__DATA EXCERPT__
────────────────────────────────────────

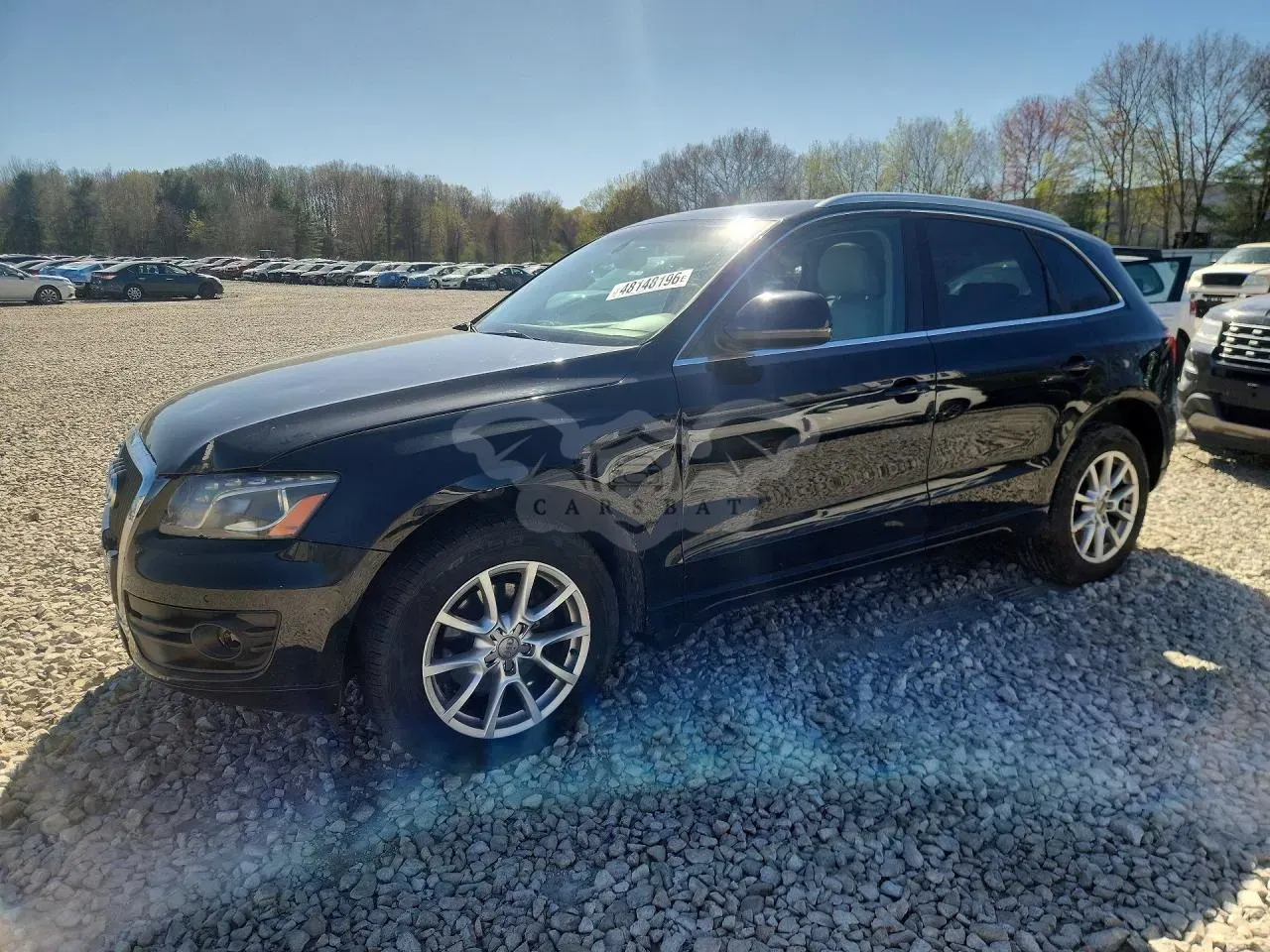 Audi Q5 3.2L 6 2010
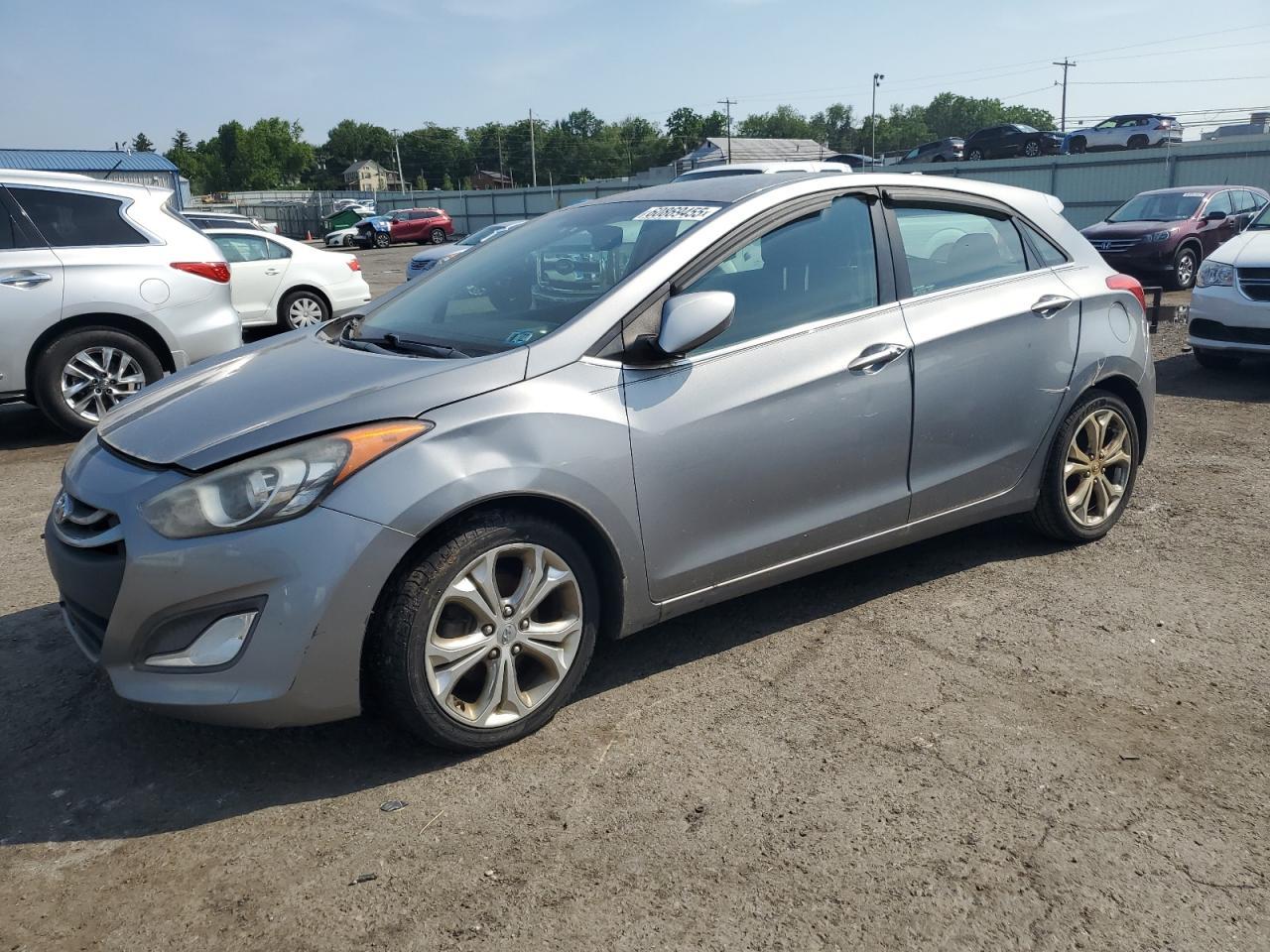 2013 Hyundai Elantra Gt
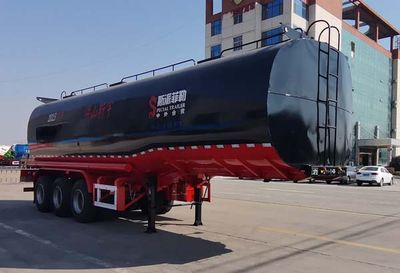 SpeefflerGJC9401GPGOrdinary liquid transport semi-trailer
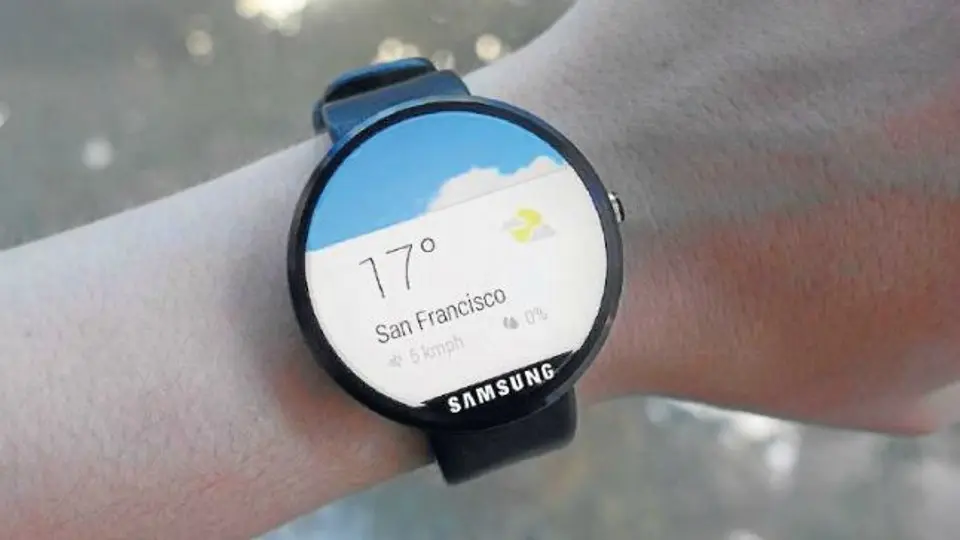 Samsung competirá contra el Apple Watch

────────────────────────────────────────

__ABOUT THIS TASK__
Going from the line that holds "SpeefflerGJC9401GPGOrdinary liquid transport" to the end of the listing above, copy each line exactly and nothing more, leaving pictures aside.

__REPLY TO THE TASK__
 SpeefflerGJC9401GPGOrdinary liquid transport semi-trailer
 Samsung competirá contra el Apple Watch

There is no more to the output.